[Items from a dataset]
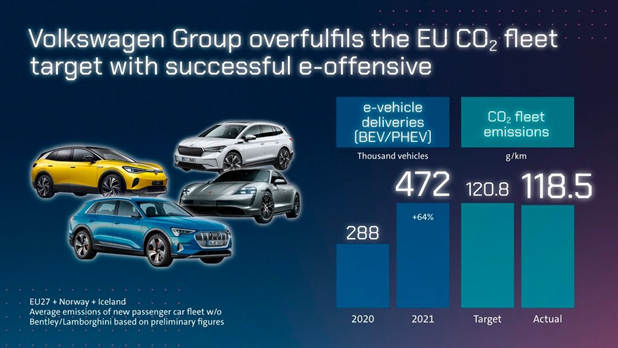 电动汽车销量大增 大众汽车2021年达到欧盟碳排放目标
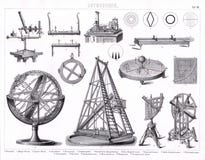 Карта 1874 антиквариатов телескопов используемых в астрономии бесплатная иллюстрация Карта 1874 антиквариатов телескопов используемых в астрономии бесплатная иллюстрация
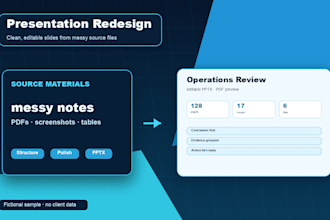 redesign your powerpoint deck into clean editable slides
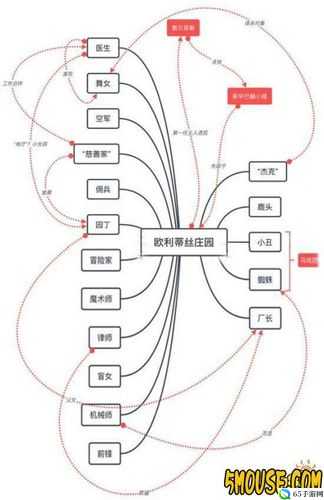 第五人格人物关系解析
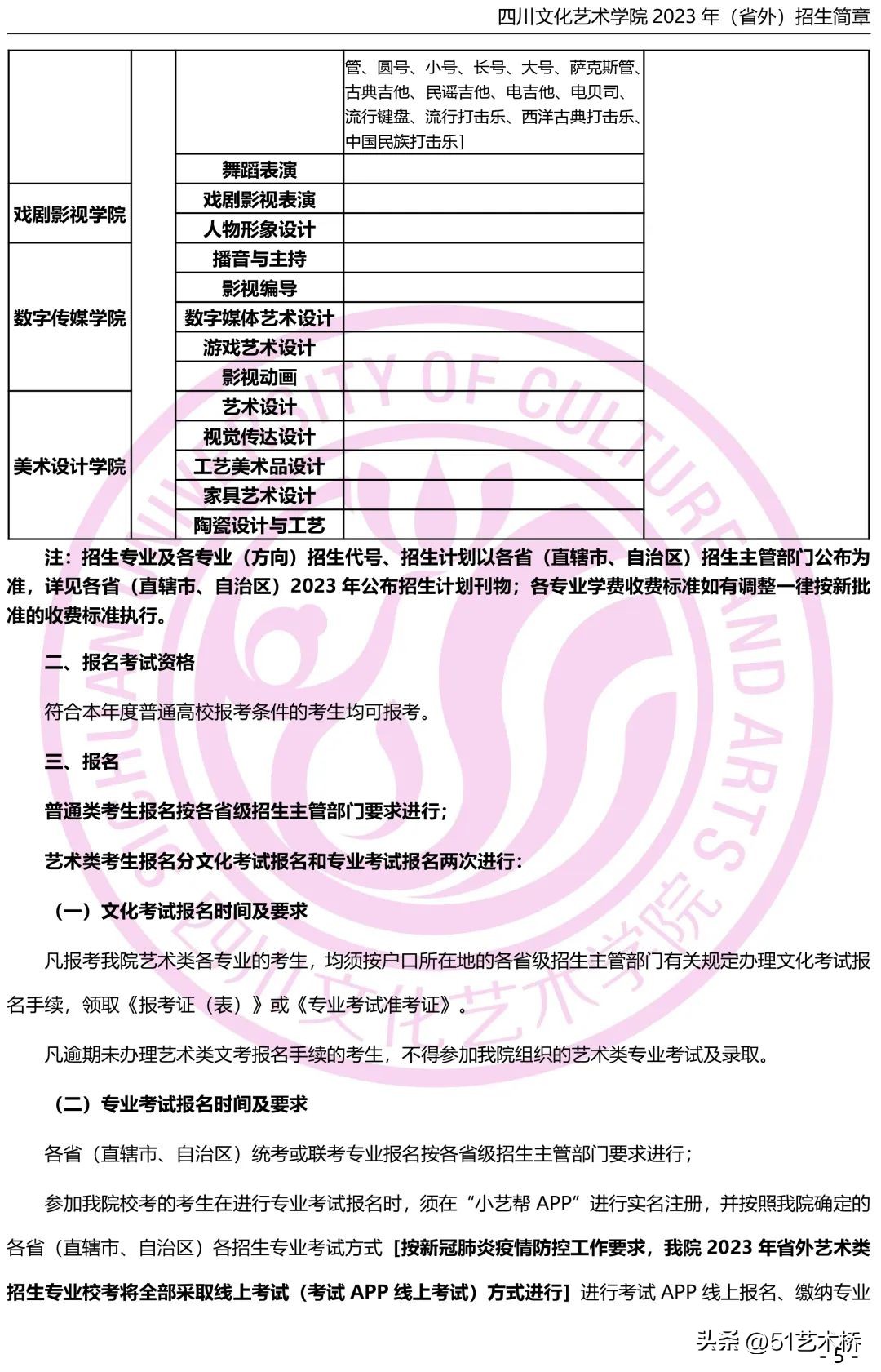 四川文化艺术学院2023年招生简章,四川文化艺术学院2023年校考内容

- [What you need to do]
The records above must be printed exactly, but the pictures they hold should be omitted.

- [Solution below]
 电动汽车销量大增 大众汽车2021年达到欧盟碳排放目标
 Карта 1874 антиквариатов телескопов используемых в астрономии бесплатная иллюстрация Карта 1874 антиквариатов телескопов используемых в астрономии бесплатная иллюстрация
 redesign your powerpoint deck into clean editable slides
 第五人格人物关系解析
 四川文化艺术学院2023年招生简章,四川文化艺术学院2023年校考内容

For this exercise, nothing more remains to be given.